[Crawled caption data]

★ ★ ★ ★

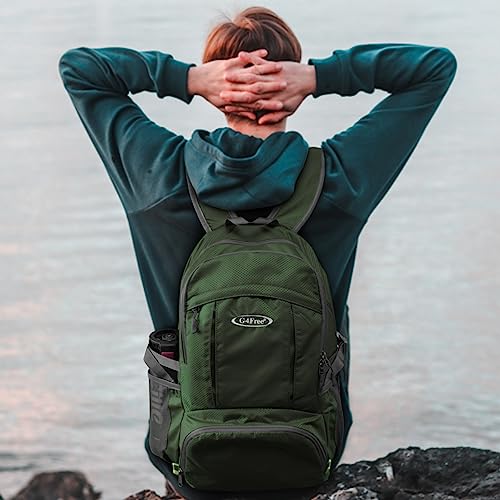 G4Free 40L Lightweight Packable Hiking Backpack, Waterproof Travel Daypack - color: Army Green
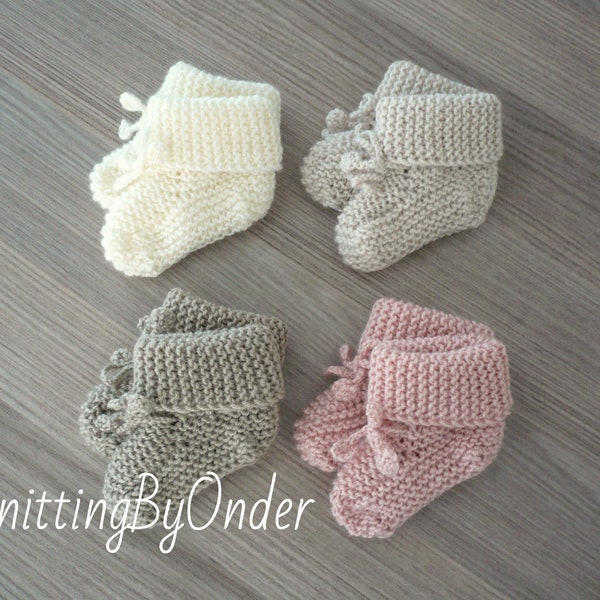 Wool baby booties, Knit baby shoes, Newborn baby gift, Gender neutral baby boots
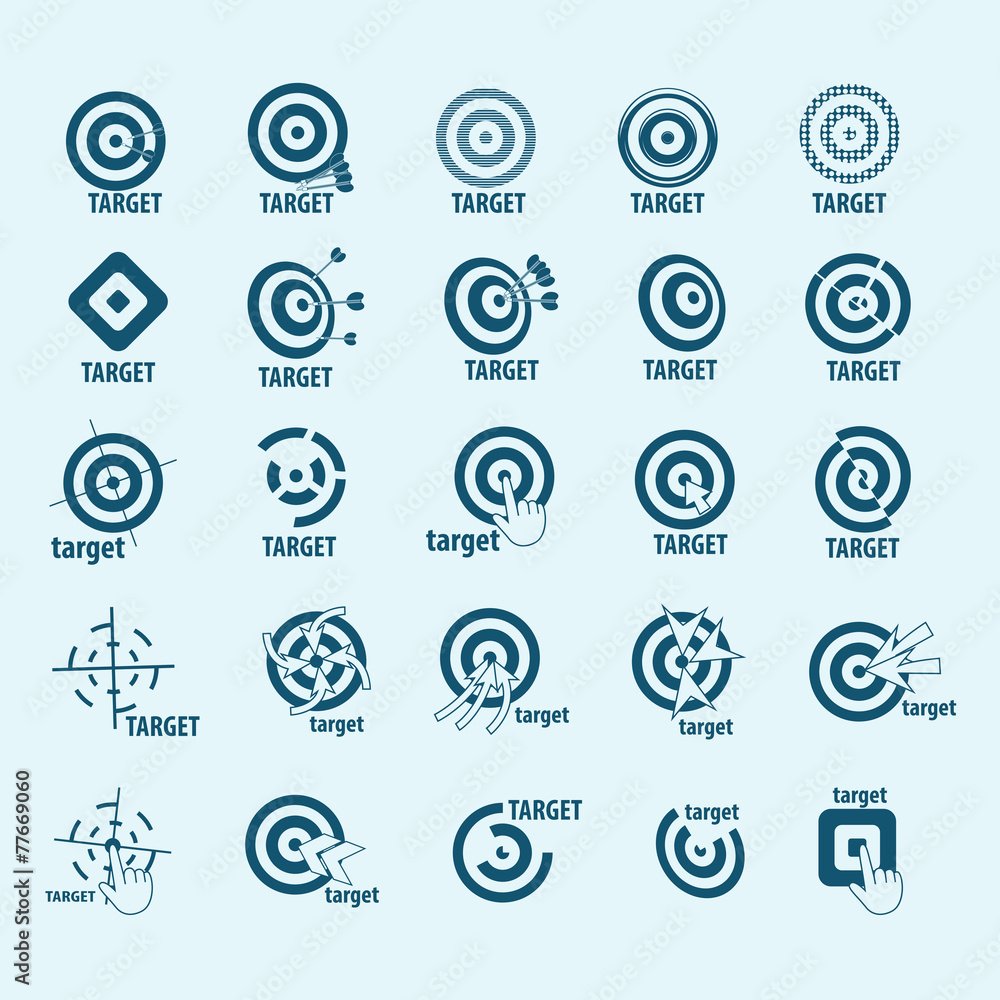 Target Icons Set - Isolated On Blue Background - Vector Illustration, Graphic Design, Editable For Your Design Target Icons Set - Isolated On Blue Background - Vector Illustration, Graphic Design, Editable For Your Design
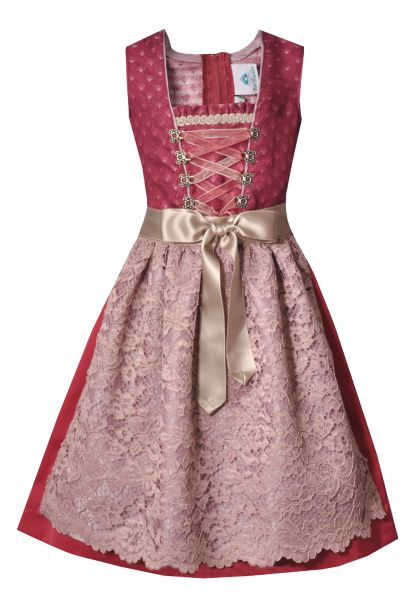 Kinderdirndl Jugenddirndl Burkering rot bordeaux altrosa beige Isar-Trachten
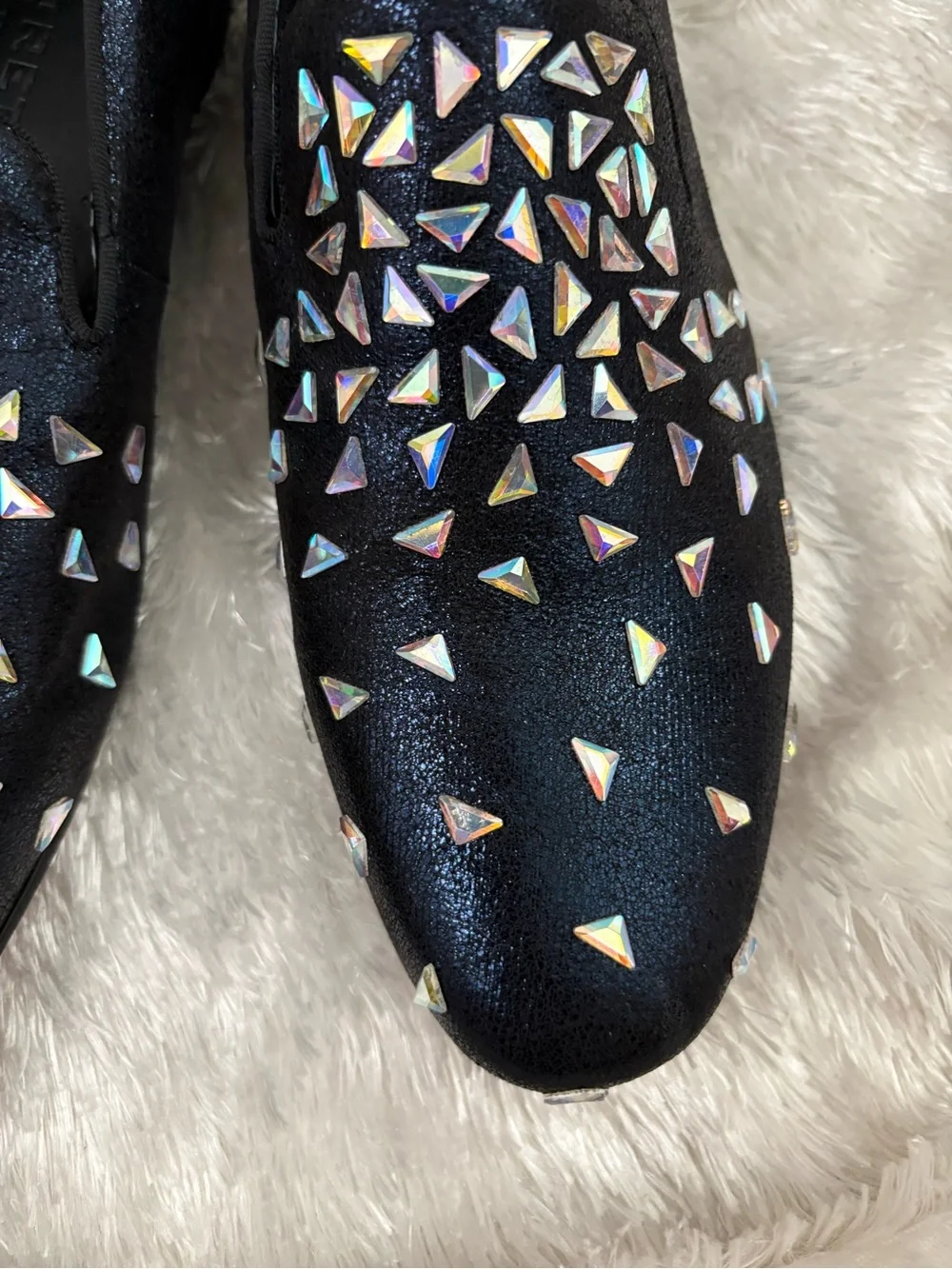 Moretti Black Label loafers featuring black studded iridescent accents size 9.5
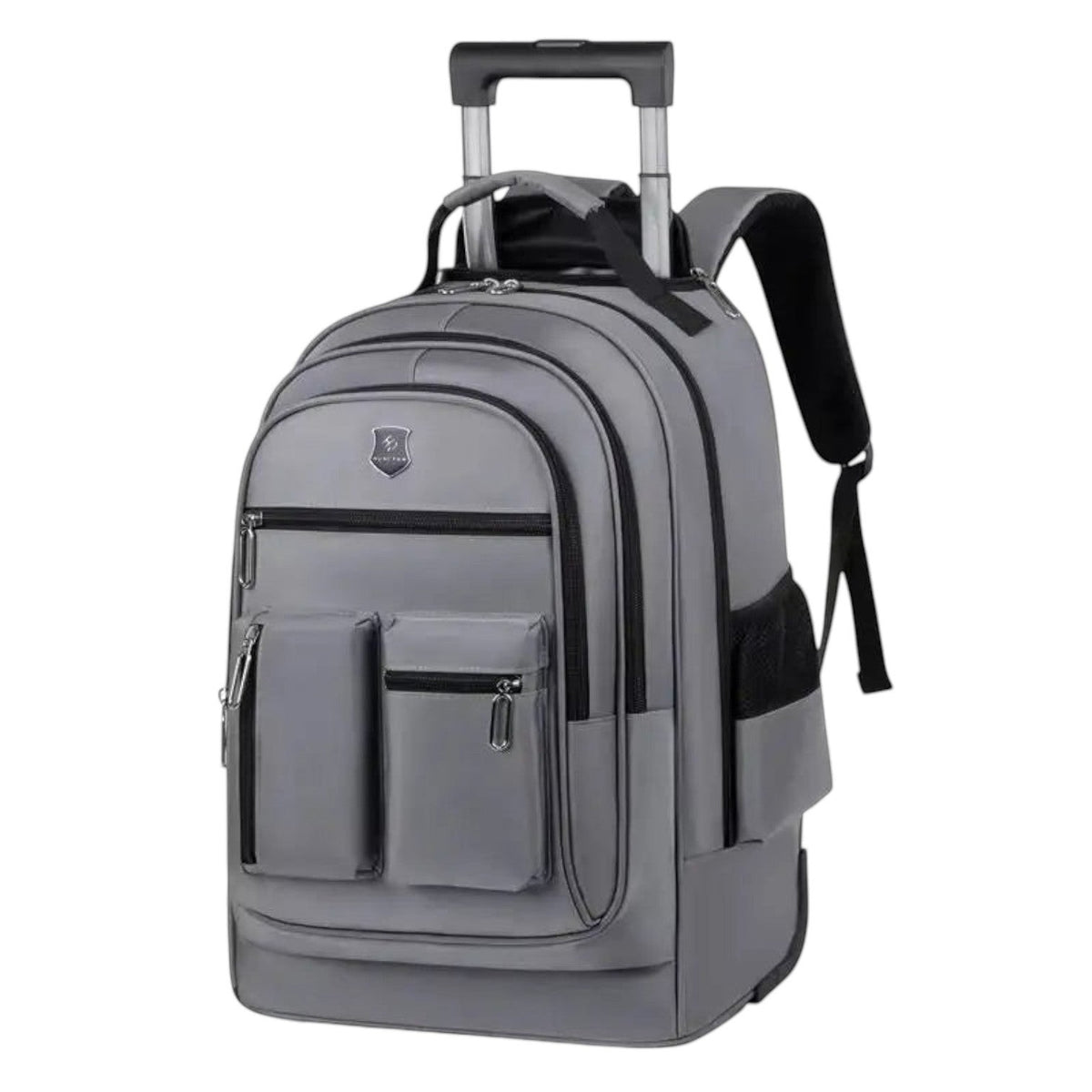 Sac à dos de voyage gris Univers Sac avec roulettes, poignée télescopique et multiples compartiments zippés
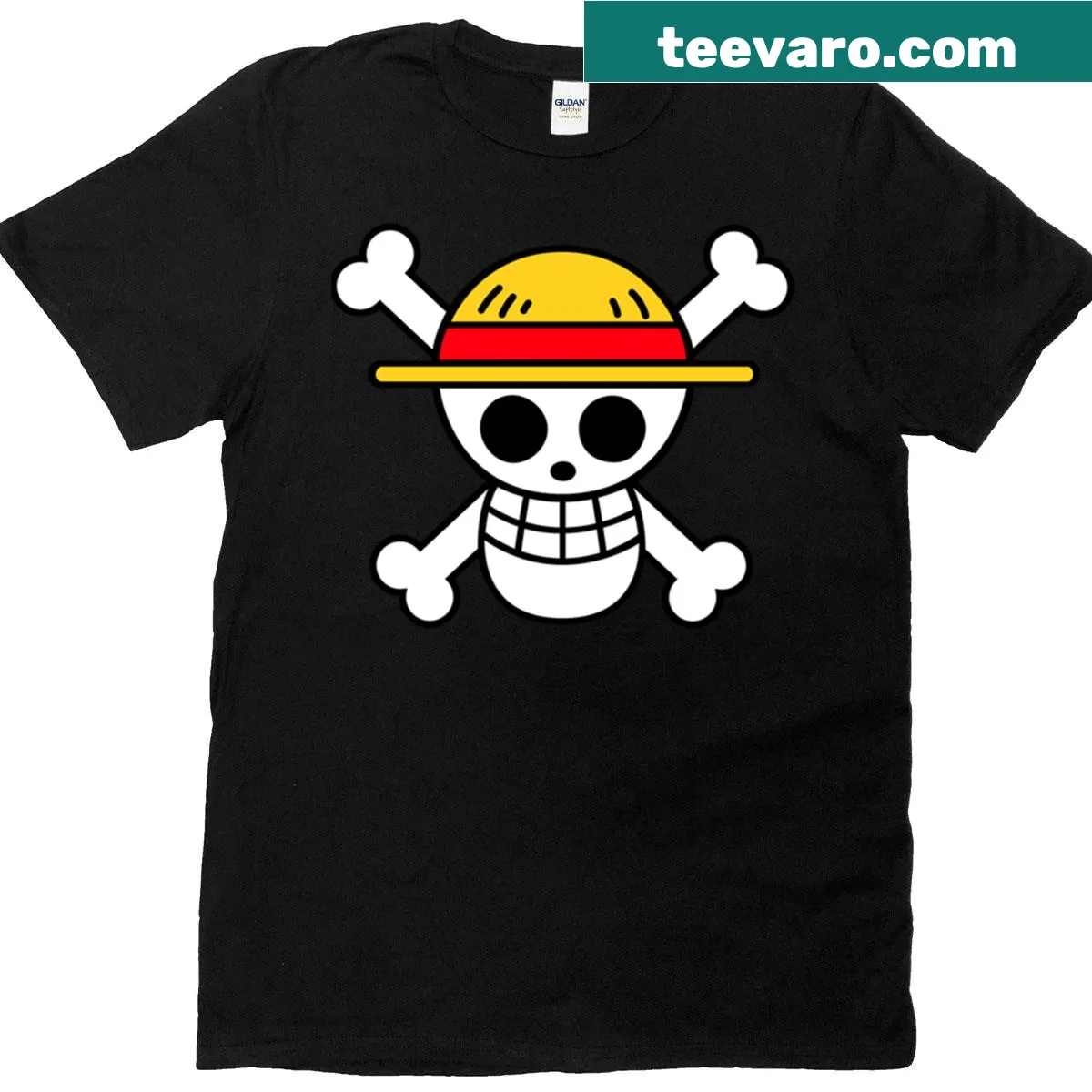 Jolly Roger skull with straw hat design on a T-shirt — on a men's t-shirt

★ ★ ★ ★

§ EXERCISE BRIEF
Every line above should be retyped exactly; the pictures do not belong in the copy.

§ ANSWER TO THE EXERCISE
 G4Free 40L Lightweight Packable Hiking Backpack, Waterproof Travel Daypack - color: Army Green
 Wool baby booties, Knit baby shoes, Newborn baby gift, Gender neutral baby boots
 Target Icons Set - Isolated On Blue Background - Vector Illustration, Graphic Design, Editable For Your Design Target Icons Set - Isolated On Blue Background - Vector Illustration, Graphic Design, Editable For Your Design
 Kinderdirndl Jugenddirndl Burkering rot bordeaux altrosa beige Isar-Trachten
 Moretti Black Label loafers featuring black studded iridescent accents size 9.5
 Sac à dos de voyage gris Univers Sac avec roulettes, poignée télescopique et multiples compartiments zippés
 Jolly Roger skull with straw hat design on a T-shirt — on a men's t-shirt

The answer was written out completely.